- Flag Coat of arms
- Coordinates (Chocz): 51°58′N 17°52′E﻿ / ﻿51.967°N 17.867°E
- Country: Poland
- Voivodeship: Greater Poland
- County: Pleszew
- Seat: Chocz

Area
- • Total: 73.41 km^{2} (28.34 sq mi)

Population (2006)
- • Total: 4,780
- • Density: 65/km^{2} (170/sq mi)

= Gmina Chocz =

Gmina Chocz is a rural gmina (administrative district) in Pleszew County, Greater Poland Voivodeship, in west-central Poland. Its seat is the town of Chocz, which lies approximately 11 km north-east of Pleszew and 81 km south-east of the regional capital Poznań.
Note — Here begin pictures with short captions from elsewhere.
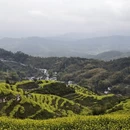 黄山旅游 缩略图 3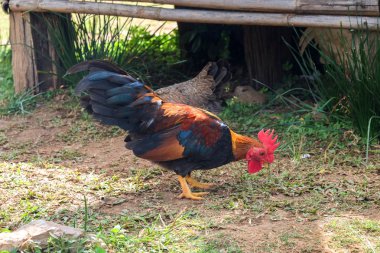 yedikten sonra ufak tefek erkek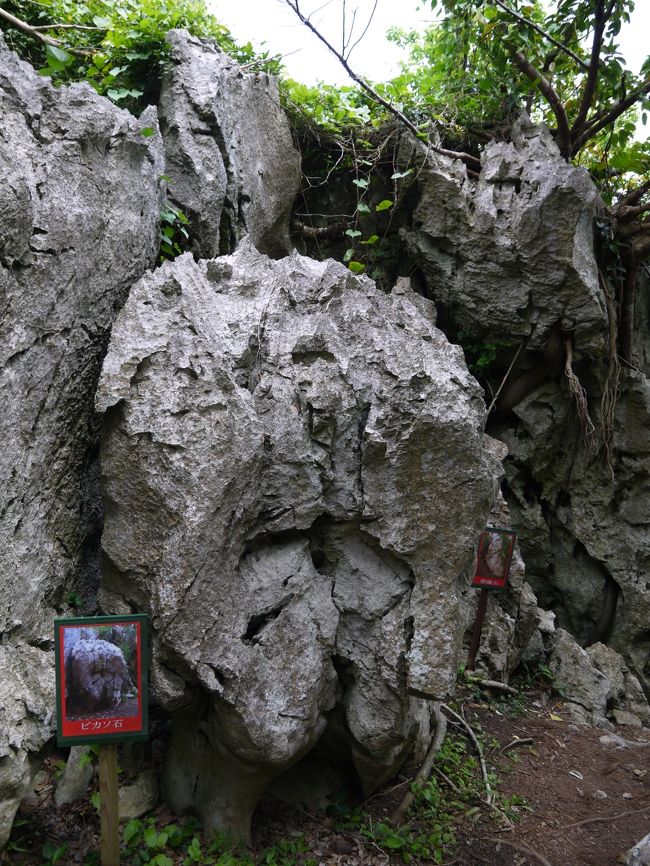 まだまだ色々な岩が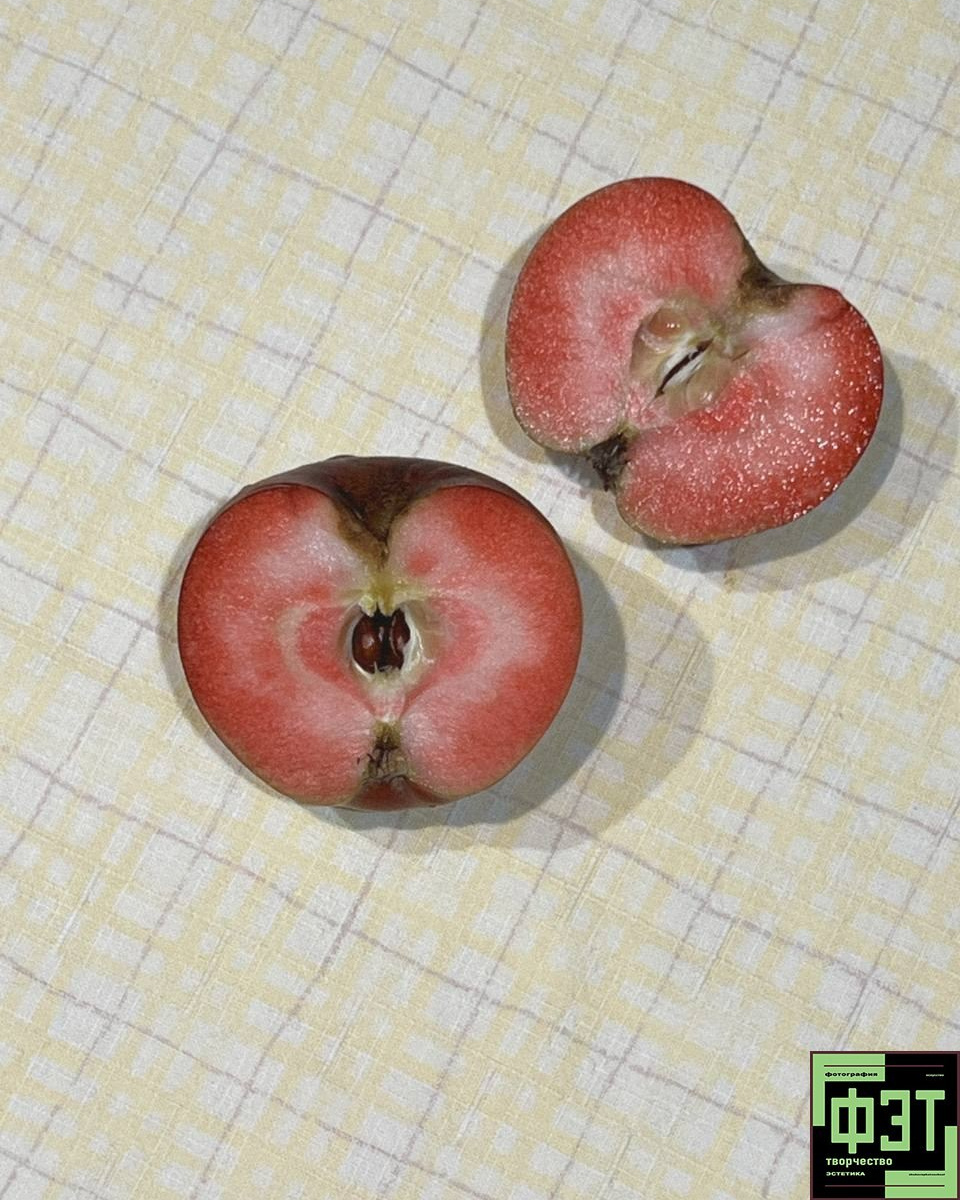 Фотопроект «ФЭТ: Фотография, Эстетика, Творчество»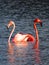 Caribbean Flamingos court on the Gotomeer, Bonaire, Dutch Antilles.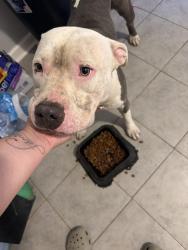 Reunited Male Dog last seen Spanish oak dr & El Rancho, Forsyth County, NC 27045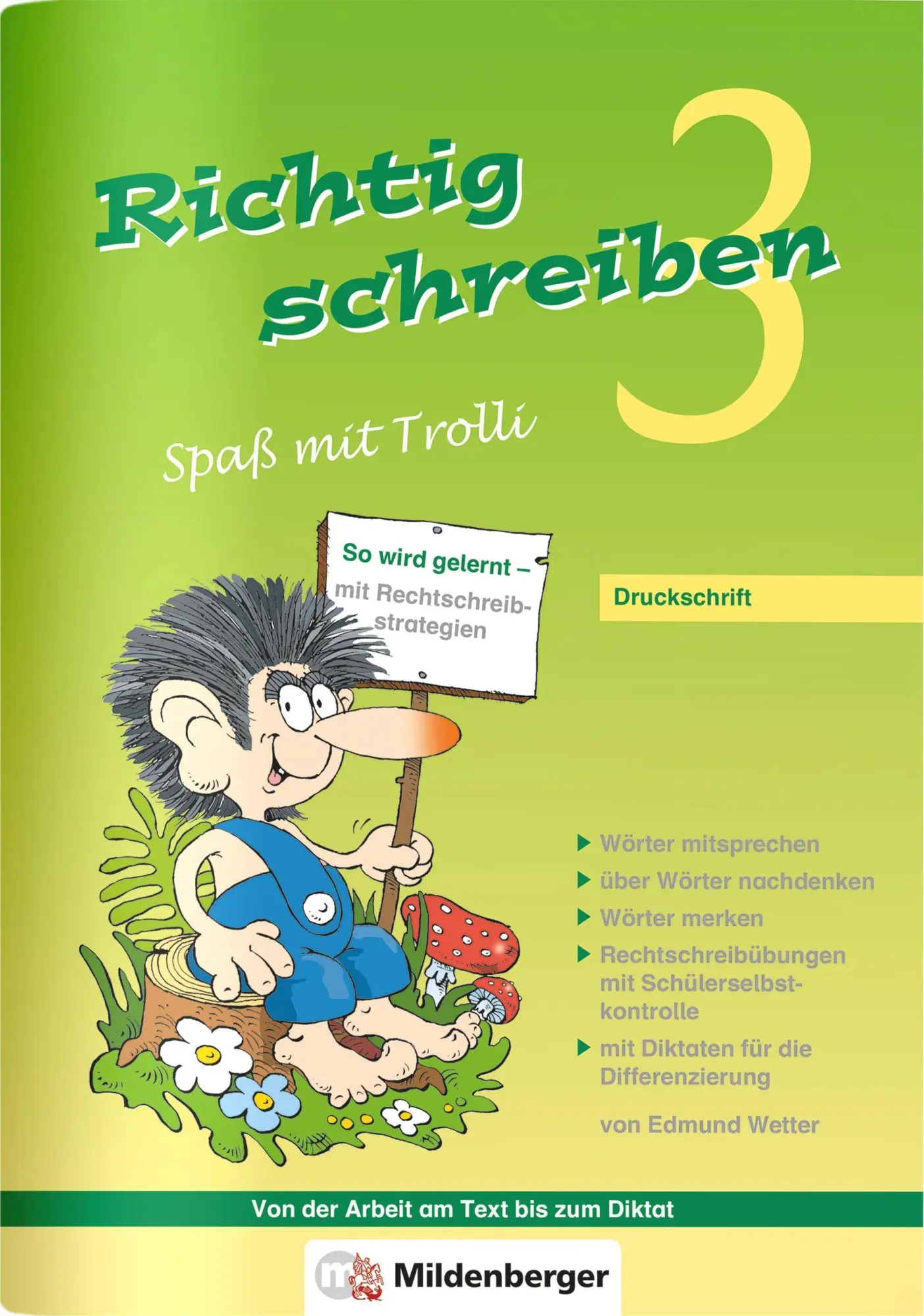 Cover: 9783619345205 | Richtig schreiben 3 - Spaß mit Trolli | Druckschrift 3. Schuljahr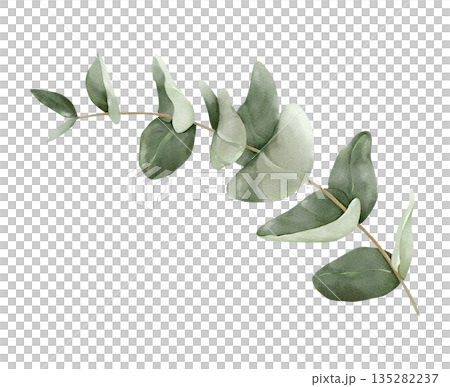 Eucalyptus branch with round leaves, isolated watercolor clipart. Hand painted botanical illustration for wedding stationery, invitations, greeting cards, branding, and modern decorative designs. Eucalyptus branch with round leaves, isolated watercolor clipart. Hand painted botanical illustration for wedding stationery, invitations, greeting cards, branding, and modern decorative designs. 135282237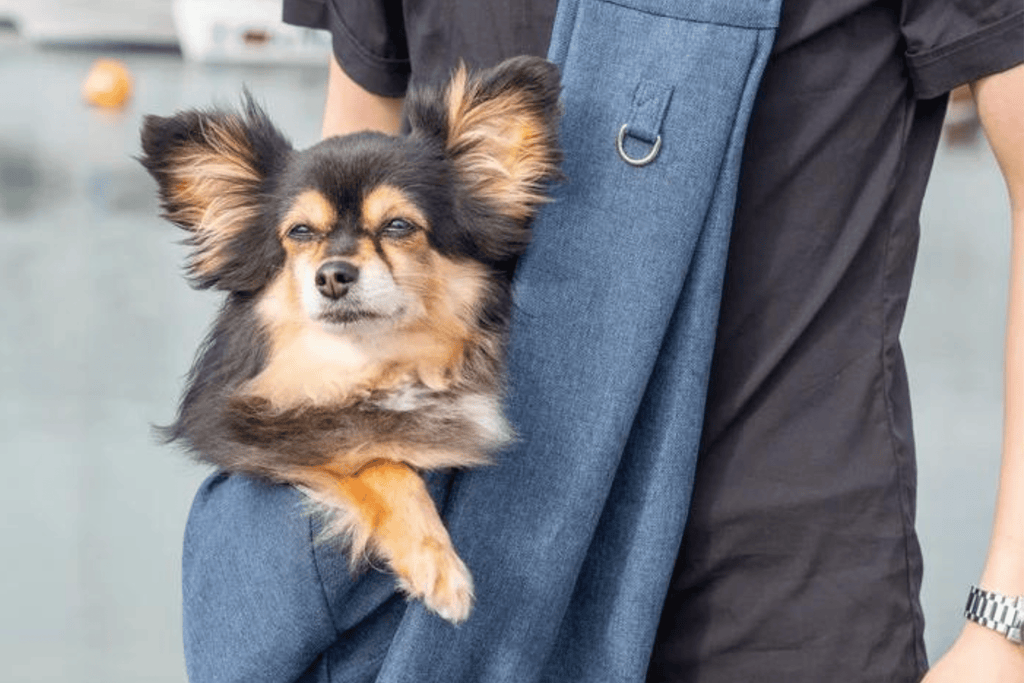 Introducing Slickers Doghouse Dog Slings - Slickers ◊ Doghouse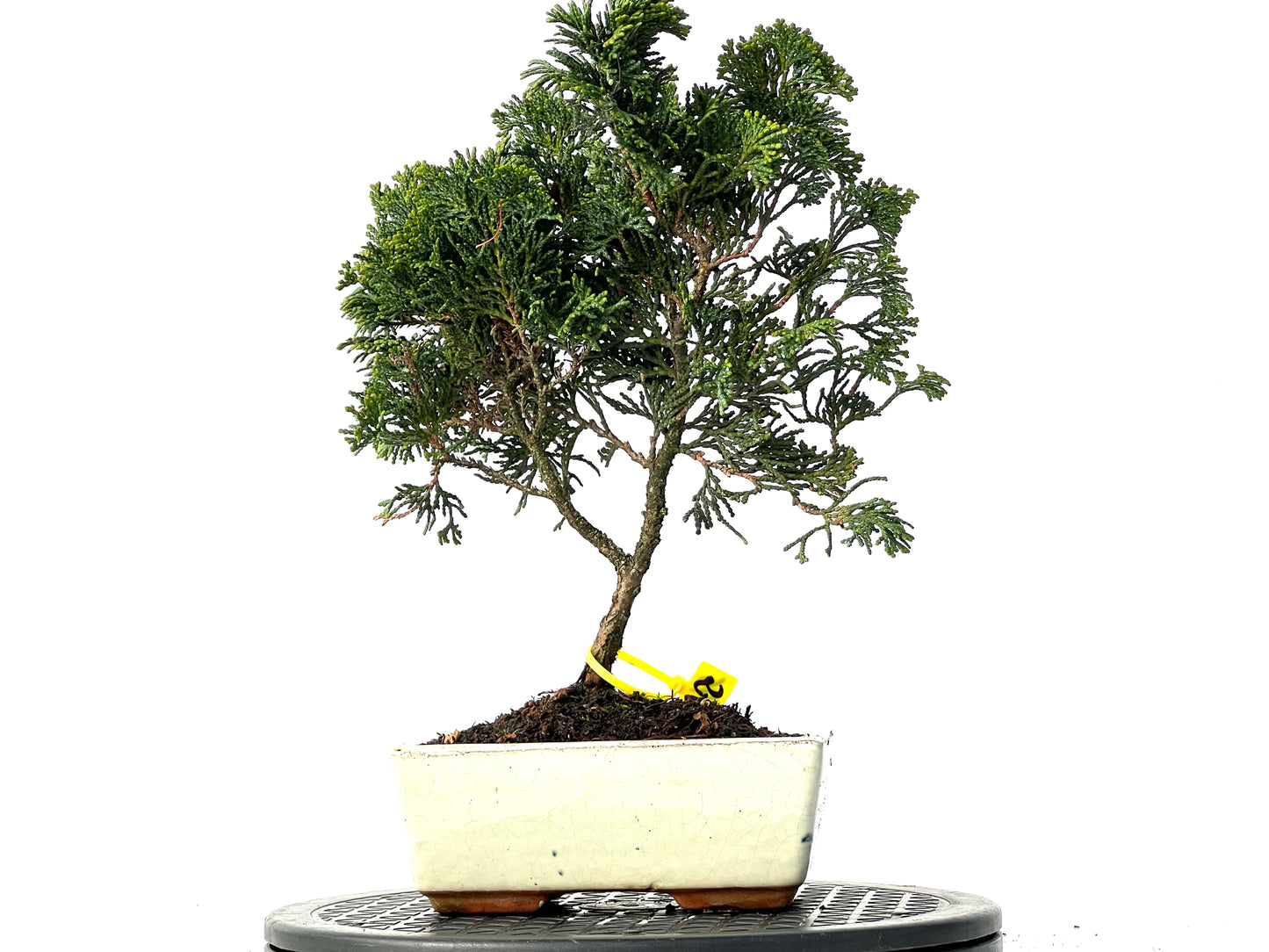 Chamaecyparis Obtusa Nana 3845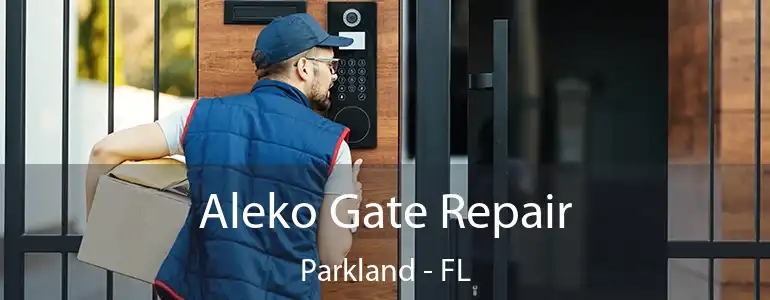  Aleko Gate Repair Parkland - FL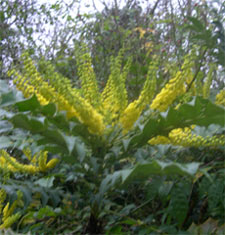 mahonia charity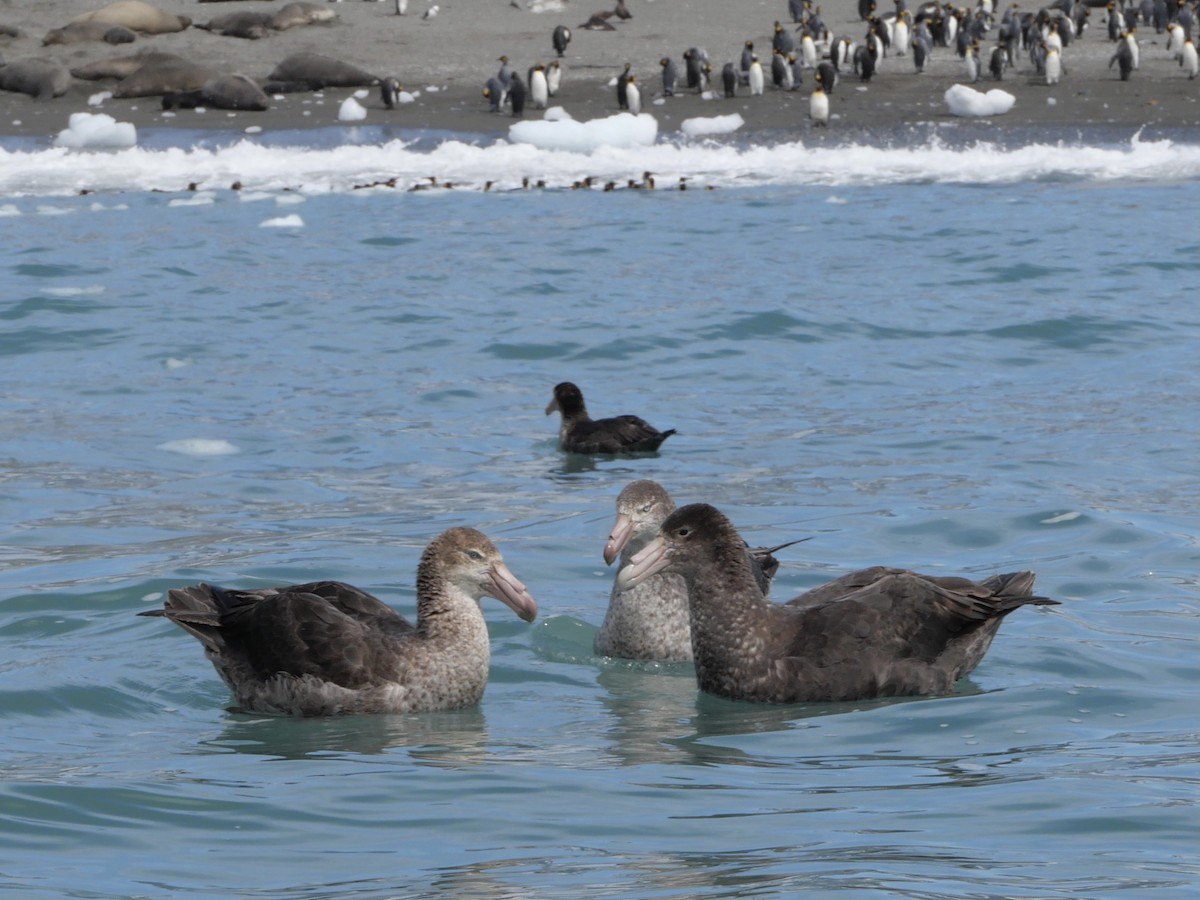 sørkjempepetrell - ML645554480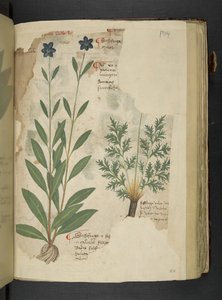 添加 MS 41623 f.104r Sassifraga，来自贝卢诺的“草药”（牛皮纸上的墨水和颜色） 作者 意大利学校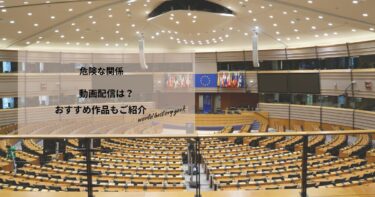 危険な関係の動画配信や無料視聴は？あらすじやおすすめ作品、視聴する方法もご紹介
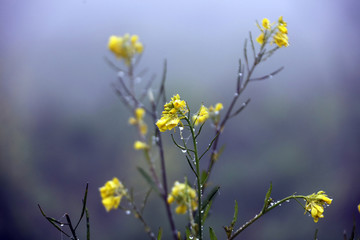 油菜花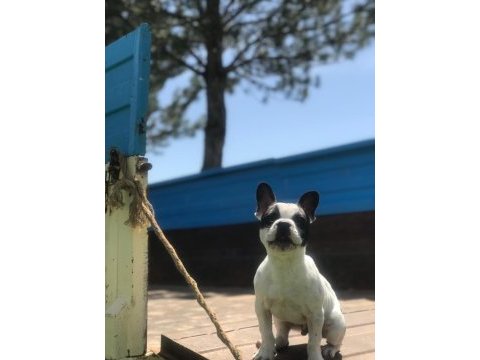 Süper fransız bulldog
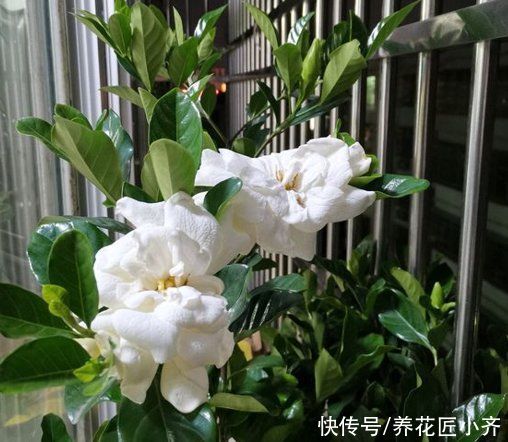 秋季|如果想要栀子花明年开花，秋季做好“5不1对”，春季花开满枝头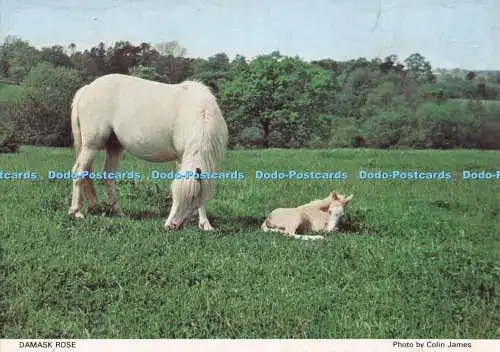 D281652 Damast Rose Welsh Pony and Cob Society Judges Ltd Colin James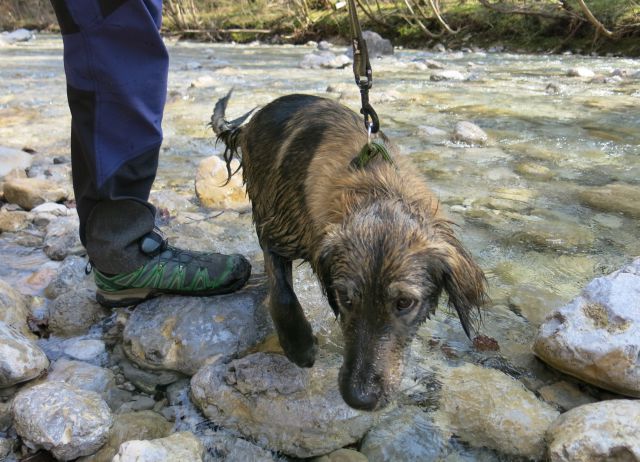 Dingo + Silva - Iški Vintgar, 09.04.2015 - foto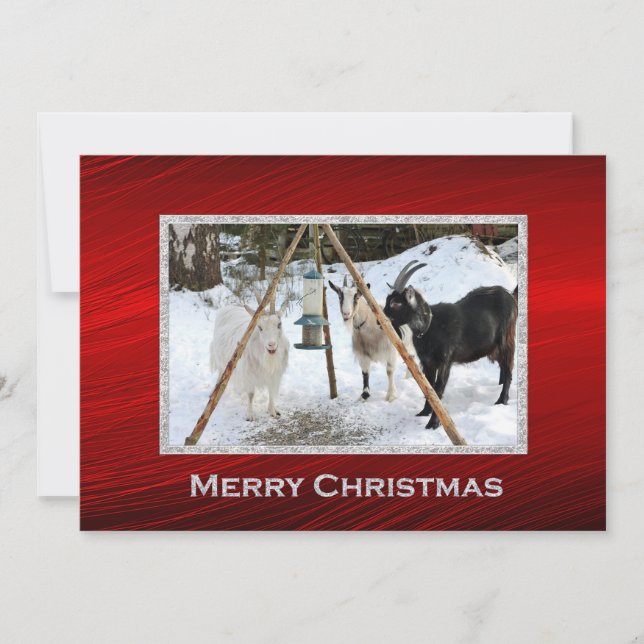 Goats Snow Feeder Photo Christmas Flat Holiday Card (Front)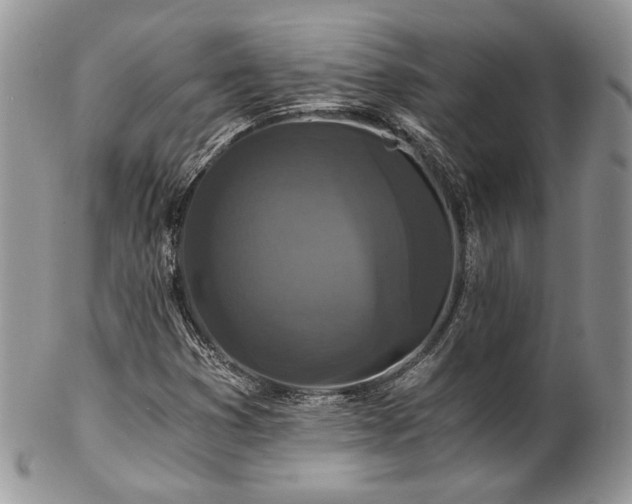 X0000102801353200808181152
The gmina covers an area of 73.41 km2, and as of 2006 its total population is 4,780.

==Villages==
Gmina Chocz contains the villages and settlements of Brudzewek, Chocz, Józefów, Kuźnia, Kwileń, Niniew, Nowa Kaźmierka, Nowolipsk, Nowy Olesiec, Piła, Stara Kaźmierka and Stary Olesiec.

==Neighbouring gminas==
Gmina Chocz is bordered by the gminas of Blizanów, Czermin, Gizałki, Grodziec and Pleszew.